Saṃsāra in Nikāya Buddhism[edit | edit source]
Whereas in Hinduism some being (ātman, jīva, etc.) is regarded as being subject to Saṃsāra, Buddhism was founded on a rejection (anatta) of such metaphysical substances, and originally accounts for the process of rebirth/reincarnation by appeal to phenomenological or psychological constituents. Later schools of Buddhism such as the Pudgalavāda, however, re-introduce the concept of a "person" which transmigrates. The basic idea that there is a cycle of birth and rebirth is, however, not questioned in early Buddhism and its successors, and neither is, generally, the concept that saṃsāra is a negative condition to be abated through religious practice concluding in the achievement of final nirvāṇa.

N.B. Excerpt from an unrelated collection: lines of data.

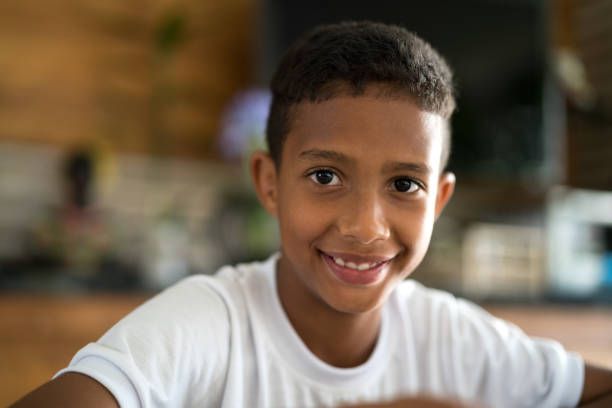 istock Cute afro boy looking at camera 953815386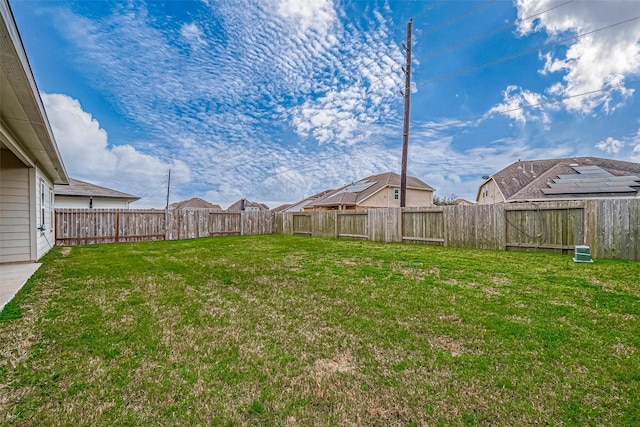 view of yard with a fenced backyard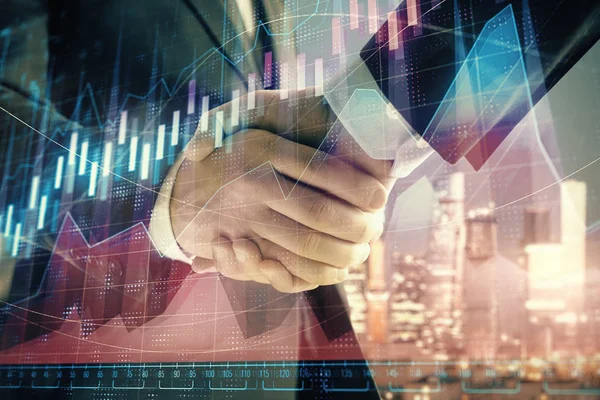 Double exposure of financial chart on cityscape background with two businessmen handshake. Concept of financial analysis and investment opportunities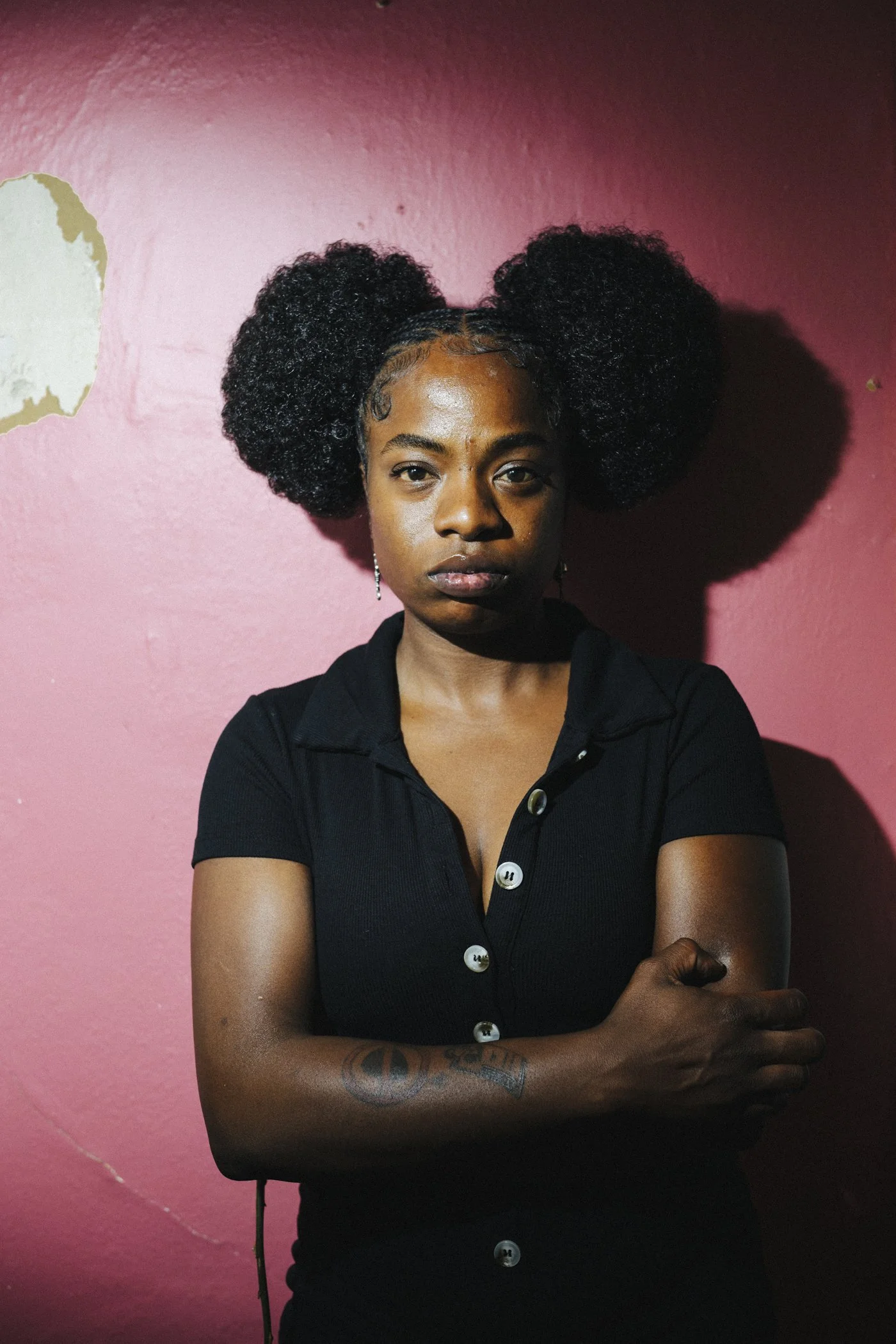 Sunny War stands with a serious look on her face, with arms crossed against a dark pink wall.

Saṃsāra in Mahāyāna Buddhism[edit | edit source]
According to several strands of the Mahāyāna Buddhist tradition, the division of saṃsāra and nirvāṇa is attacked using an argument that extends some of the basic premises of anātman and of Buddha's attack on orthodox accounts of existence. This is found poetically in the "Perfection of Wisdom" literature and more analytically in the philosophy of Nāgārjuna and later writers. It is not entirely clear which aspects of this theoretical move were developed first in the sutras and which in the philosophical tradition.
Saṃsāra in Tibetan Buddhism[edit | edit source]
Saṃsāra is uncontrollably recurring rebirth, filled with suffering and problems (according to Kālacakra tantra as explained by Dr. A. Berzin). In this sense, Samsara may be translated "Wheel of Suffering."